## WORK TO COMPLETE
Of all the lines in the entries below, give again exactly those starting at the line containing "平成27年式 いすゞ フォワード" and ending at the line containing "Ferretti Altura 40", both ends included, and no others.

## RECORDS SUPPLIED
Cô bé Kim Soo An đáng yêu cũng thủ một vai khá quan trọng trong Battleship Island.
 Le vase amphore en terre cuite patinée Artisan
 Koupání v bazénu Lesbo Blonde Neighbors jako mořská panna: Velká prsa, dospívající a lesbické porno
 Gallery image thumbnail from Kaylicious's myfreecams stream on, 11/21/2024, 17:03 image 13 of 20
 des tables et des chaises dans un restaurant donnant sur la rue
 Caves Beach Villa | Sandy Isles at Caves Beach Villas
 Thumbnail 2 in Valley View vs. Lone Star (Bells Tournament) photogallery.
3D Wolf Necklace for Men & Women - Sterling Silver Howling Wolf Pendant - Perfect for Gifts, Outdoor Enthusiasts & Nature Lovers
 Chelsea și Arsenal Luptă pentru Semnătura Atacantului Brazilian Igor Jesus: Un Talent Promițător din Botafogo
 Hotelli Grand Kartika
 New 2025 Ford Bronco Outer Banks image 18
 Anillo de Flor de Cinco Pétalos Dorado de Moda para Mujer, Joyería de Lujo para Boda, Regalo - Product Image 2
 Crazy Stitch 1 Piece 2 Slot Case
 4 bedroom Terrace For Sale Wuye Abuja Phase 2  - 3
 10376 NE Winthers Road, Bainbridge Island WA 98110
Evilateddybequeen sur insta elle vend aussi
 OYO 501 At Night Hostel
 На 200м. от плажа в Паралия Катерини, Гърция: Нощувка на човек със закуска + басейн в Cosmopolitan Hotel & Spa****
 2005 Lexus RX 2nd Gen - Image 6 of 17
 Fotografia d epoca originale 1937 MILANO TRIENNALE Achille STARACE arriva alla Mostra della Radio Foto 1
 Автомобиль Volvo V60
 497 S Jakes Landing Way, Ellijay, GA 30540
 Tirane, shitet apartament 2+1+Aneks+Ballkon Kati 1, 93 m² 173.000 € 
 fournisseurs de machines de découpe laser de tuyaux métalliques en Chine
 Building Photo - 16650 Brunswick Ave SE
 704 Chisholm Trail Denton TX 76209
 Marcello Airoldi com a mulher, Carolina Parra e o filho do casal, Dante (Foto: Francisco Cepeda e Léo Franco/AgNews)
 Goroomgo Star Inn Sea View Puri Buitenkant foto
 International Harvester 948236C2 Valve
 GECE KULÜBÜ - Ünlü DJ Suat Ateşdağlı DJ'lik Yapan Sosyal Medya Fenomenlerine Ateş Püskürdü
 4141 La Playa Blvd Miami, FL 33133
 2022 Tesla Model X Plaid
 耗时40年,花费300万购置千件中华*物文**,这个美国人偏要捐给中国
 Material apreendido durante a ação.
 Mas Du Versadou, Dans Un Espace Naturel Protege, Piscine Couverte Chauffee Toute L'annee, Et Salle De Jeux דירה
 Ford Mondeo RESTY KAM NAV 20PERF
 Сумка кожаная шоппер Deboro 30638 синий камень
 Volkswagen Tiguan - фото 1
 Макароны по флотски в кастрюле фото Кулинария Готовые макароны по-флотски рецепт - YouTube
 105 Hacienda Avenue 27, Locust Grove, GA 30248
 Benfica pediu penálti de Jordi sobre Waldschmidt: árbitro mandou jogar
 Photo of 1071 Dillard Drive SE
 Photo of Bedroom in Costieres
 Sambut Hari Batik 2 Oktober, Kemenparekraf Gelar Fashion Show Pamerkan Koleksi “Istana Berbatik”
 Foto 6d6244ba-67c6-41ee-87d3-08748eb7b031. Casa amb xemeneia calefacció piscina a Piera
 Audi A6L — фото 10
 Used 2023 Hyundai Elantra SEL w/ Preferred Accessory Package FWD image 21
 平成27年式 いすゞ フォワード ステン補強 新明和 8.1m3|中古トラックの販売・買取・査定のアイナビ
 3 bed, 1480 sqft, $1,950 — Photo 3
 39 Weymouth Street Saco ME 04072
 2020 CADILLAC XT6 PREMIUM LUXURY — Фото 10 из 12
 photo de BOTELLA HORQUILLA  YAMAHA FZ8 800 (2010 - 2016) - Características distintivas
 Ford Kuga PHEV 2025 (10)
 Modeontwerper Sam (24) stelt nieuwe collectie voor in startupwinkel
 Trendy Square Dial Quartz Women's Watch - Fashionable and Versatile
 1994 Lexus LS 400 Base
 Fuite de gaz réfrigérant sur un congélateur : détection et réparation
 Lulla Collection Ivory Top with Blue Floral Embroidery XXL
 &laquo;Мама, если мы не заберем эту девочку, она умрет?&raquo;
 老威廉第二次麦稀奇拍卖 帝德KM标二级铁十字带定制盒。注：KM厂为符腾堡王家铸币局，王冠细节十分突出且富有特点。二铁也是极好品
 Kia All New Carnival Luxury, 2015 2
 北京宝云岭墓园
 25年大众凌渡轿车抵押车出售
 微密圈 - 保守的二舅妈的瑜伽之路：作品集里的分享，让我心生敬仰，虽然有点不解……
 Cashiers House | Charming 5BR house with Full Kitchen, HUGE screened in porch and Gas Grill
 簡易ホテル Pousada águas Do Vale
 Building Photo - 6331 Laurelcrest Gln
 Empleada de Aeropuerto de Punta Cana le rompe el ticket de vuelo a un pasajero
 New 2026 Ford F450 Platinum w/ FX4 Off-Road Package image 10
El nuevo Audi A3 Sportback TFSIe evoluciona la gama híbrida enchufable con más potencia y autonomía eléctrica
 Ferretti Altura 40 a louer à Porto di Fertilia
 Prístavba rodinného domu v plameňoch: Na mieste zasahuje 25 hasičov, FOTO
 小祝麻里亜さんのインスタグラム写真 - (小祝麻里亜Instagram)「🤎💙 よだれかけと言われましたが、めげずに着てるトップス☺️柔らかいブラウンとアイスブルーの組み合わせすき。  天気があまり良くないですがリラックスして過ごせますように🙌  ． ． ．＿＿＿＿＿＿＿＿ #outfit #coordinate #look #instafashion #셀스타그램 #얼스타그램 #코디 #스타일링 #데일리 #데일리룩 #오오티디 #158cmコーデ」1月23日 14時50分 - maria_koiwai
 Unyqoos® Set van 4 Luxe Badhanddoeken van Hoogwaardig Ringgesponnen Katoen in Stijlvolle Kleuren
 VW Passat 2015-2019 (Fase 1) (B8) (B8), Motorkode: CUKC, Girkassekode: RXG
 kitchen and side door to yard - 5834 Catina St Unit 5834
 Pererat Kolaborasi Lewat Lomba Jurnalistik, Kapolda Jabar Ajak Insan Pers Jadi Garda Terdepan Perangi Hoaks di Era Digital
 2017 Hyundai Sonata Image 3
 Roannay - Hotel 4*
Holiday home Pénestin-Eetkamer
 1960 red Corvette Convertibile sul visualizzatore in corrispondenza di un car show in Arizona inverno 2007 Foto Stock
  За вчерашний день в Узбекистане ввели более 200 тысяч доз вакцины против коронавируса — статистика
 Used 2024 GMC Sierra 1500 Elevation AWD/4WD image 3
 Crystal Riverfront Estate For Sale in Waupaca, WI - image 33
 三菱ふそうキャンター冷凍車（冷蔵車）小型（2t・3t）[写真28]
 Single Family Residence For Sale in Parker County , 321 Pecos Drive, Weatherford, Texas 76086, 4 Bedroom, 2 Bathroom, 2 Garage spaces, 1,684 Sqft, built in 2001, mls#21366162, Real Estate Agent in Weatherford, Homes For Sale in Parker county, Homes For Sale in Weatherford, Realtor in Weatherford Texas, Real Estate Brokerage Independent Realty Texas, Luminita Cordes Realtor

## RESPONSE FOR THIS EXERCISE
 平成27年式 いすゞ フォワード ステン補強 新明和 8.1m3|中古トラックの販売・買取・査定のアイナビ
 3 bed, 1480 sqft, $1,950 — Photo 3
 39 Weymouth Street Saco ME 04072
 2020 CADILLAC XT6 PREMIUM LUXURY — Фото 10 из 12
 photo de BOTELLA HORQUILLA  YAMAHA FZ8 800 (2010 - 2016) - Características distintivas
 Ford Kuga PHEV 2025 (10)
 Modeontwerper Sam (24) stelt nieuwe collectie voor in startupwinkel
 Trendy Square Dial Quartz Women's Watch - Fashionable and Versatile
 1994 Lexus LS 400 Base
 Fuite de gaz réfrigérant sur un congélateur : détection et réparation
 Lulla Collection Ivory Top with Blue Floral Embroidery XXL
 &laquo;Мама, если мы не заберем эту девочку, она умрет?&raquo;
 老威廉第二次麦稀奇拍卖 帝德KM标二级铁十字带定制盒。注：KM厂为符腾堡王家铸币局，王冠细节十分突出且富有特点。二铁也是极好品
 Kia All New Carnival Luxury, 2015 2
 北京宝云岭墓园
 25年大众凌渡轿车抵押车出售
 微密圈 - 保守的二舅妈的瑜伽之路：作品集里的分享，让我心生敬仰，虽然有点不解……
 Cashiers House | Charming 5BR house with Full Kitchen, HUGE screened in porch and Gas Grill
 簡易ホテル Pousada águas Do Vale
 Building Photo - 6331 Laurelcrest Gln
 Empleada de Aeropuerto de Punta Cana le rompe el ticket de vuelo a un pasajero
 New 2026 Ford F450 Platinum w/ FX4 Off-Road Package image 10
El nuevo Audi A3 Sportback TFSIe evoluciona la gama híbrida enchufable con más potencia y autonomía eléctrica
 Ferretti Altura 40 a louer à Porto di Fertilia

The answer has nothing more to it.